Promotion by stealth is usually employed to introduce work by composers notorious for being difficult or incomprehensible and for that reason unpopular.

They’ve been doing it for poor old Anton Webern for more than a century without much success but at least this concert presented Webern both ‘old’ and ‘almost-new’ to demonstrate where musical development was taking him.

Even in the youthful, balmy Im Sommerwind there are signs of fragmentation which foreshadow the Passacaglia, though even that’s tame compared with his later, attenuated music.

Two works by a representative of the Second Viennese School in one programme must be a record in these parts. Both were played with disarming fluency by the orchestra under associate guest conductor Francois-Xavier Roth, who seems to get a lot out of his association with the BBCNOW. Too much perhaps in Richard Strauss’s Also sprach Zarathustra, in which the clarity of that famous opening was not always sustained in passages for strings where the writing becomes over-larded, difficult and bombastic. It’s possible to tame Strauss but here he was given his head and not to pretty effect.

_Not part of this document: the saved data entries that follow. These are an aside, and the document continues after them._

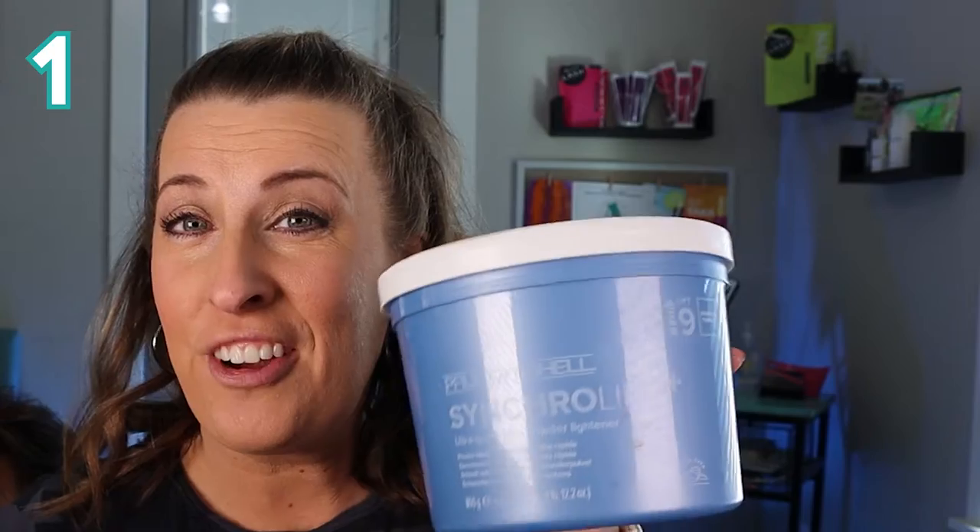First, let's talk about what you need. You're going to need bleach, 20 volume, a comb, a bowl, rat tail comb, a clip to hold everything back, some foils. I'm going to need my mannequin, but you could just use yourself or whoever you're doing these guy lights on. Let's do it.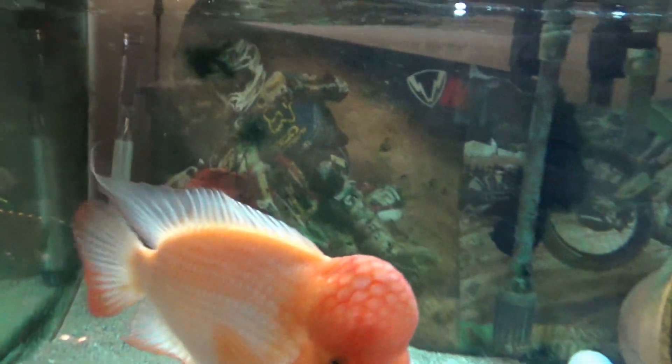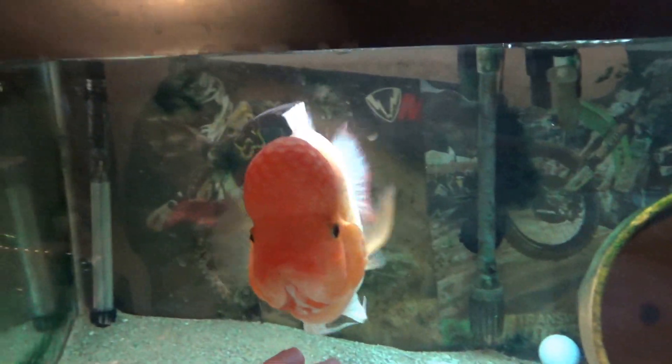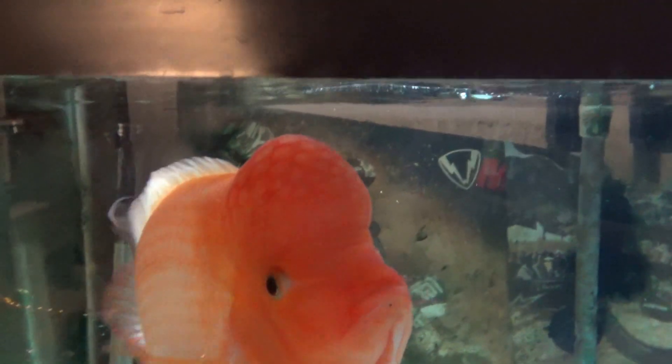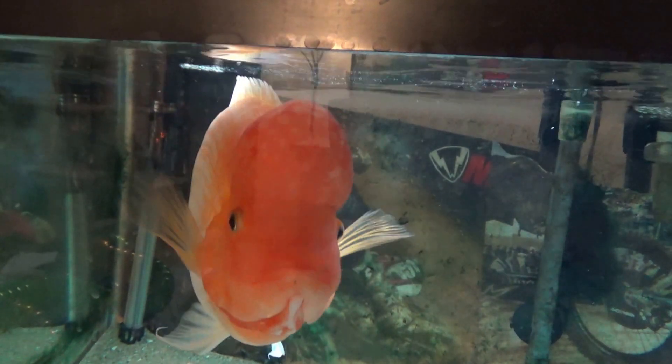The stainless steel tank can carry as much as 12,000 kilograms of product. They start with a laser cutting machine, which cuts pieces like this — a hole opening from the stainless steel sheet used to make the tank. The laser that cuts the steel is very precise.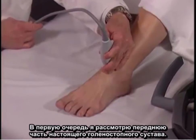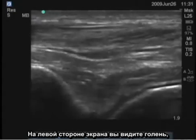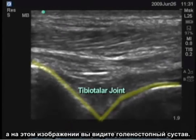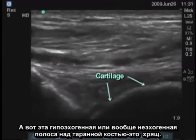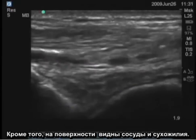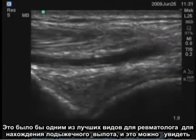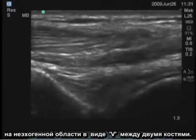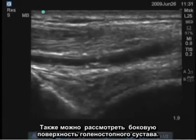I'll examine the anterior portion of the true ankle joint first. On the left side of the screen is the tibia, and in this view you see the tibiotalar joint. There's a hypoechoic or anechoic stripe over the talus, which is cartilage. There are vessels and tendons superficially. This would be one of the best views for a rheumatologist to find an ankle effusion, which can be seen as an anechoic area in the V between the two bones.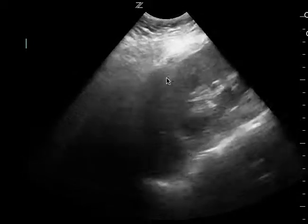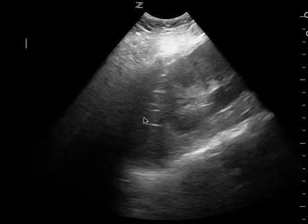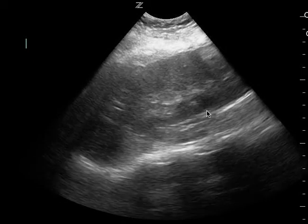My only suggestion is that I would move the probe a little bit more posterior towards the bed. That way you get the shadowing, which is most likely air, out of the way so you can better see what's going on.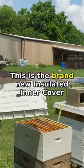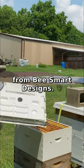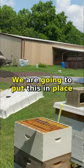This is the brand new insulated inner cover from bsmart designs. I really like this. We're going to put this in place and see how it works.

However, late Romantic works often require a large orchestra, ever an exciting prospect where the BBC NOW is concerned Nothing was prettier than soprano Rosemary Joshua’s three Mozart concert arias, though in the last her throat was playing up; so much so, that she declined to appear in the second half for Exsultate, Jubilate. It was our loss. The irony was that she's normally such an effortless Mozartian.